El enfrentamiento a las situaciones de inseguridad que afectan a la población venezolana implica, desde el punto de vista que se quiera ver, generar una base de consenso en las formas de abordarlas y en los principios que deben regir tales acciones, lo cual, lamentablemente, hoy por hoy parece no existir entre los diversos órganos competentes en esta materia.

Por un lado, desde amplios sectores del Gobierno Nacional se está apostando con firmeza a la transformación del obsoleto modelo policial venezolano, caracterizado como represivo, improvisado y violador sistemático de los derechos y las garantías constitucionales que debería defender (herencia de más de 200 años de historia de abandono de la institucionalidad policial).

Se avanza en la transformación asumiendo con criterio científico la profesionalización y adecuación del sistema de policía a estándares de actuación y de reconfiguración institucional, que permitan a Venezuela contar con una policía moderna, con capacidad de respuesta técnico-científica, profesionalizada y que recupere el reconocimiento social sobre la base de una ética manifestada en sus prácticas. A esto apunta claramente la consolidación del proyecto bandera que es la Policía Nacional Bolivariana, creada con la perspectiva que aportó la extinta Comisión Nacional para la Reforma Policial en 2006 y que se ha efectivizado en las decisiones emanadas del Consejo General de Policía, estandarizando la labor policial para todos los cuerpos del país, así como en la fundación de la Universidad Nacional Experimental de la Seguridad.

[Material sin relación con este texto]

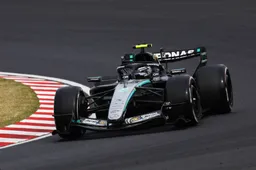 Ondertussen in F1 | WK-leider Antonelli terug in W17 voor bandentest en is daar heel blij mee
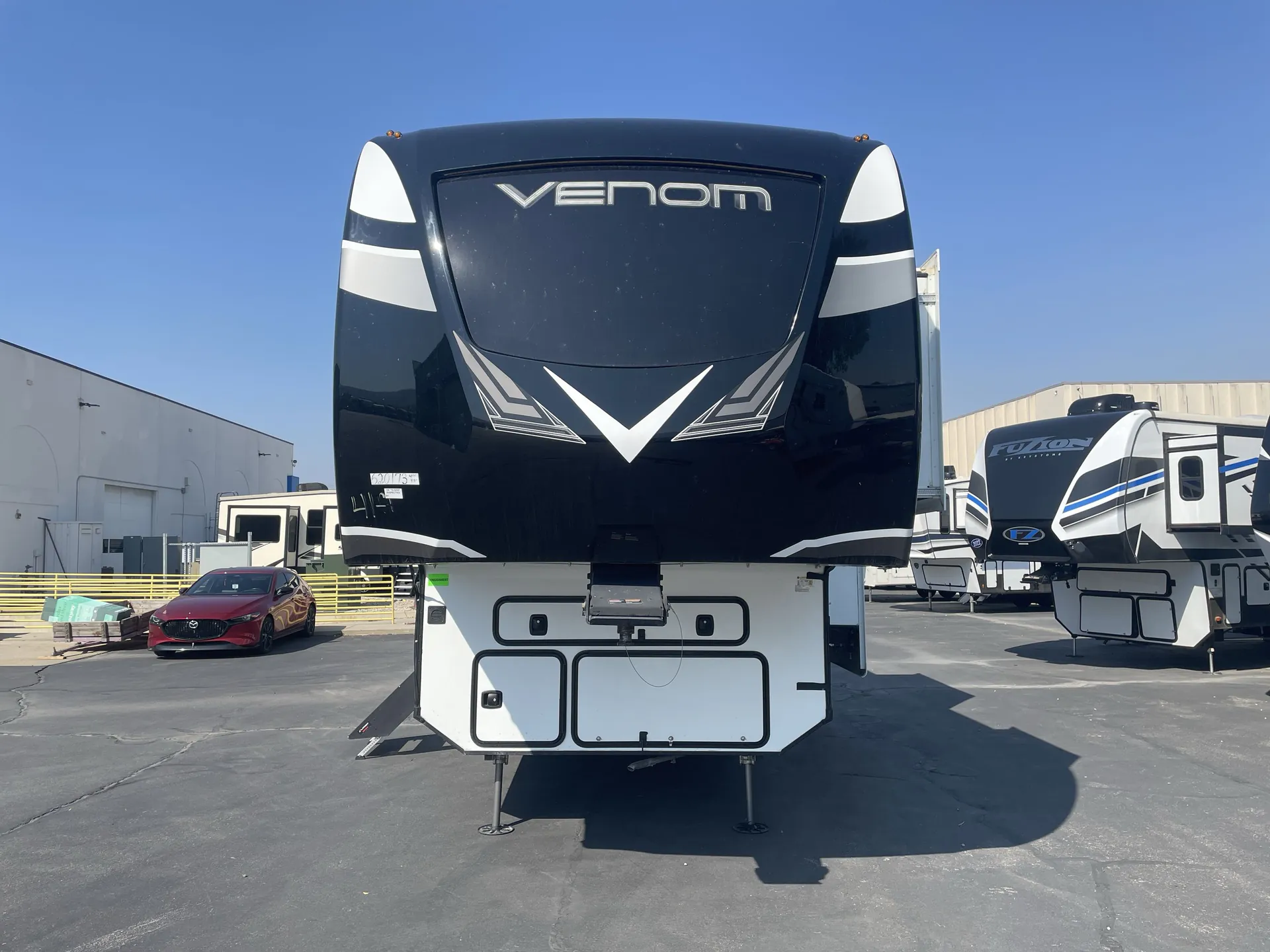2022 K-Z Venom 4113TK — front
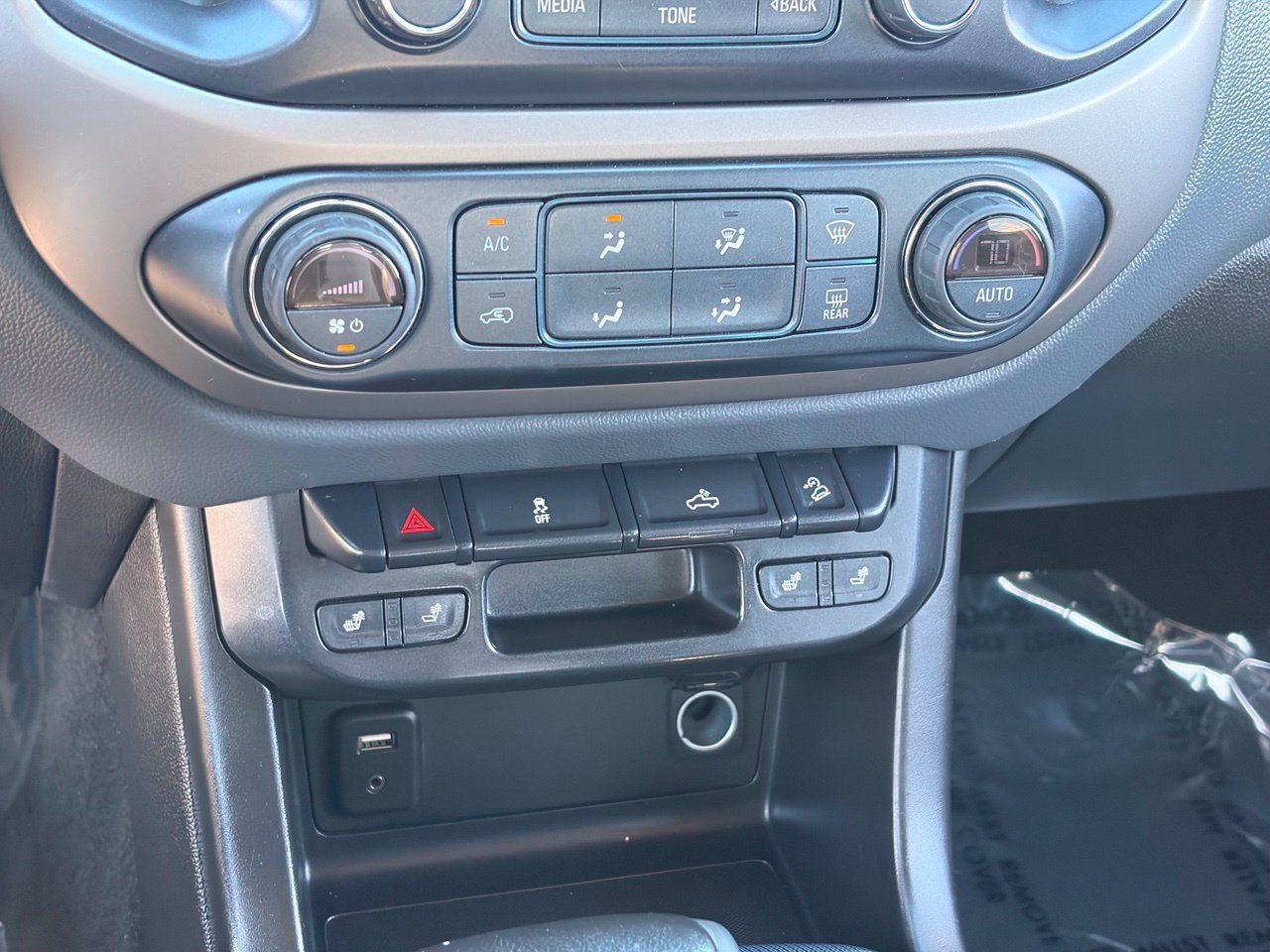 Used 2017 Chevrolet Colorado Z71 RWD image 25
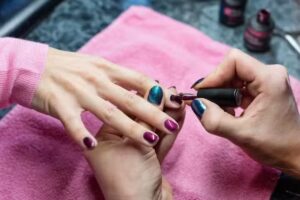 Charly’s Beauty & Nails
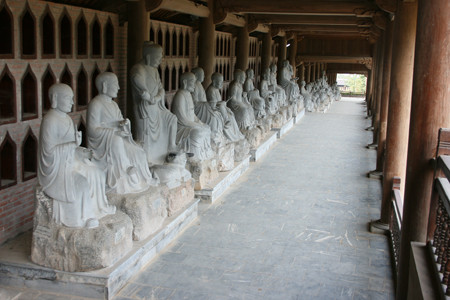 Hành lang 500 vị La Hán dài nhất (chùa Bái Đính, Ninh Bình) Từ tam quan chùa Bái Đính (Ninh Bình) đi vào là hai dãy hành lang La Hán, một dãy có chiều dài khoảng 1.700m (Tính cả hai dãy là 3.400 m ôm toàn bộ khu chùa) gồm 250 gian. Mỗi gian có kích thước 4,5m x 4,5m. Hai dãy hành lang La Hán này khởi công từ năm 2005 xây dựng bằng 10.000m 3 gỗ, thực hiện bởi sự chạm trổ, lắp ghép bởi 100 nghệ nhân và 700 người thợ. Ảnh: Internet.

Pero, por otra parte, sectores en el propio gobierno tienden a fortalecer la visión de la acción policial como un factor de choque permanente contra la población (con especial direccionalidad hacia los sectores populares), sobre la base de un falso efectismo en el «combate a la delincuencia» (más pensado en función de la repercusión mediática que otra cosa) y apoyados en la ausencia total de códigos éticos y legales que sustenten tal manera de proceder, reivindicando las estrategias represivas al mejor estilo «disparen primero y pregunten después» o «plomo al hampa», que finalmente termina siendo más de lo mismo.

Así, por ejemplo, ocurre con los ahora llamados «madrugonazos» contra el hampa que impulsa el Cuerpo de Investigaciones Científicas, Penales y Criminalísticas (CICPC), práctica nada novedosa y que sin la debida supervisión de los demás órganos del Poder Público responsables en esta materia (léase Fiscalía General de la República y Tribunales), pueden ir camino a la legitimación de facto de las «redadas» y los allanamientos ilegales, con los resultados dolorosos ya conocidos. Lo mismo aplica para la tortura, convertida en Venezuela en una forma habitual de proceder en la investigación criminal, y que evidencia la pobre preparación y la mentalidad que orienta en muchos casos a quienes tienen la tarea de canalizar el proceso de investigación en apoyo al Ministerio Público.

Es hora de crear una política de seguridad ciudadana seria, coherente y consistente, con premisas claras, acatada por todos los órganos del Poder Público y sin doble rasero moral de sus ejecutores. Tiempo no nos sobra.